Google’s latest Doodle celebrates Phoebe Snetsinger’s life work, which took in Blackburnian Warblers, Red Robins and almost everything in between.
8,398: the number of bird species spotted by one single person in the 20th century. That’s the legacy Phoebe Snetsinger left on the world when she died in 1999.
A bird enthusiast from a young age, when Snetsinger was diagnosed with cancer in 1981 she decided to go full hog into ‘birding’ – she was originally told she had one year to live.
— Post Breve (@PostBreve) June 8, 2016
Rather than undergoing treatment, she headed off to Alaska to watch birds. Feeling better, she was told the cancer had gone into remission and, 18 years later, it was a car accident in Africa that brought her life to an end.

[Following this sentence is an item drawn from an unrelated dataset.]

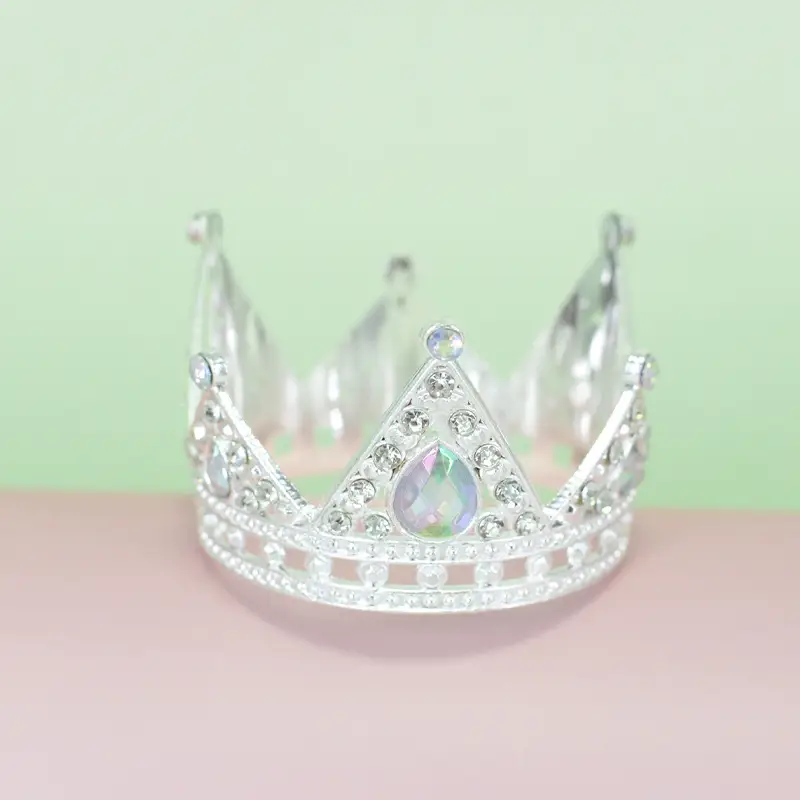 Gold Crown Crown with Blue Crystal Bridal Hairband - Image 14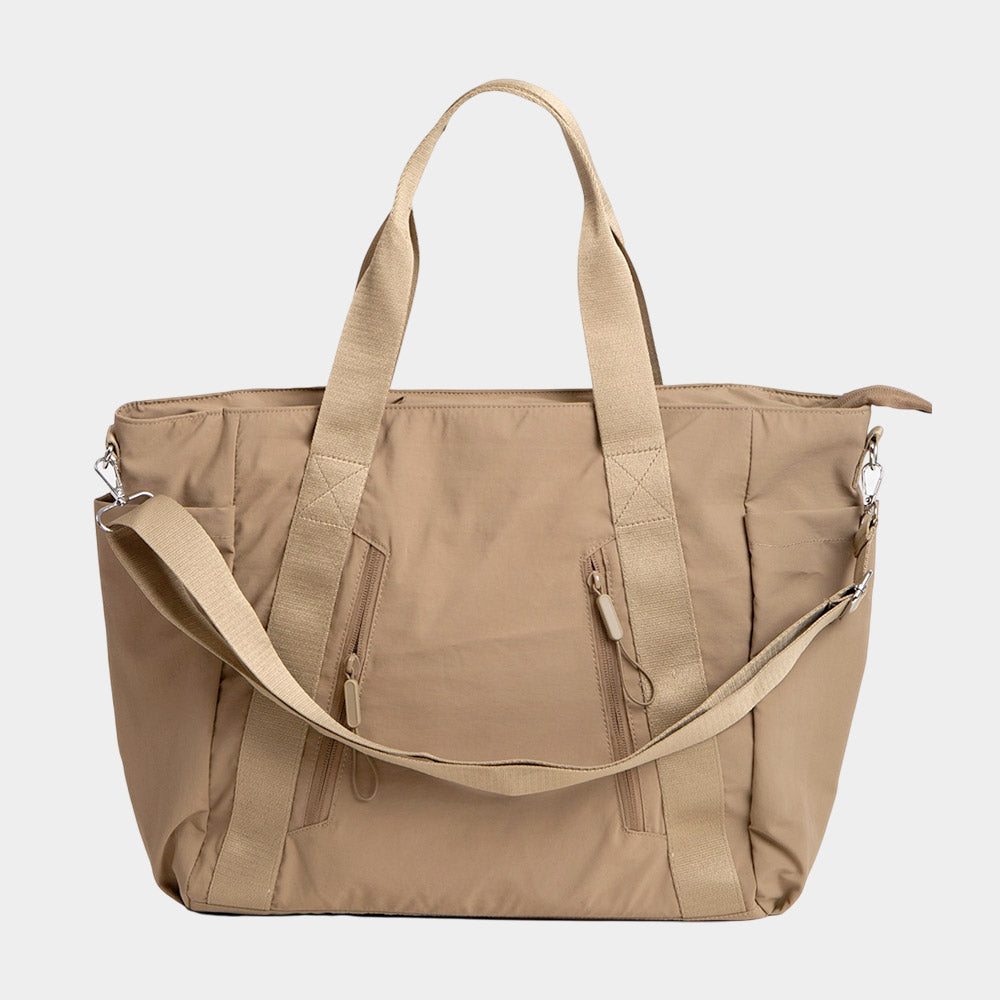 Solid Spacious Multi Compartment Carryall Tote Bag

By then she had sighted around 85pc of all birds known to exist at the time. Today would have been Snetsinger’s 85th birthday, so Google is celebrating her life with one of its more creative doodles.
“Birding is the best and most exciting pursuit in the world, a glorified neverending one,” she said. “And the whole experience of a foreign trip, whether you see 10 new birds or 500, is simply too good to miss.”
The ‘500’ in question was actually achieved by Snetsinger in a three-week trip to Kenya, one of the many countries she visited to pursue her interest.
It wasn’t all high-flying happiness, though. The American Scientist reports that in one trip to Papua New Guinea in the mid-1980s she was sexually assaulted by men wielding machetes.
Elsewhere, various injuries left her with a dodgy knee and a permanently crippled arm after she shattered her wrist on an expedition. According to an Audobon article from some years back, Snetsinger went so far as missing her mother’s funeral and daughter’s wedding “so as not to miss a chance to see new birds”.
Some of the notable birds she sighted include the Blackburnian Warbler and the Red-Shouldered Vanga, depicted among many other interesting birds by animator Juliana Chen in today’s Doodle (above).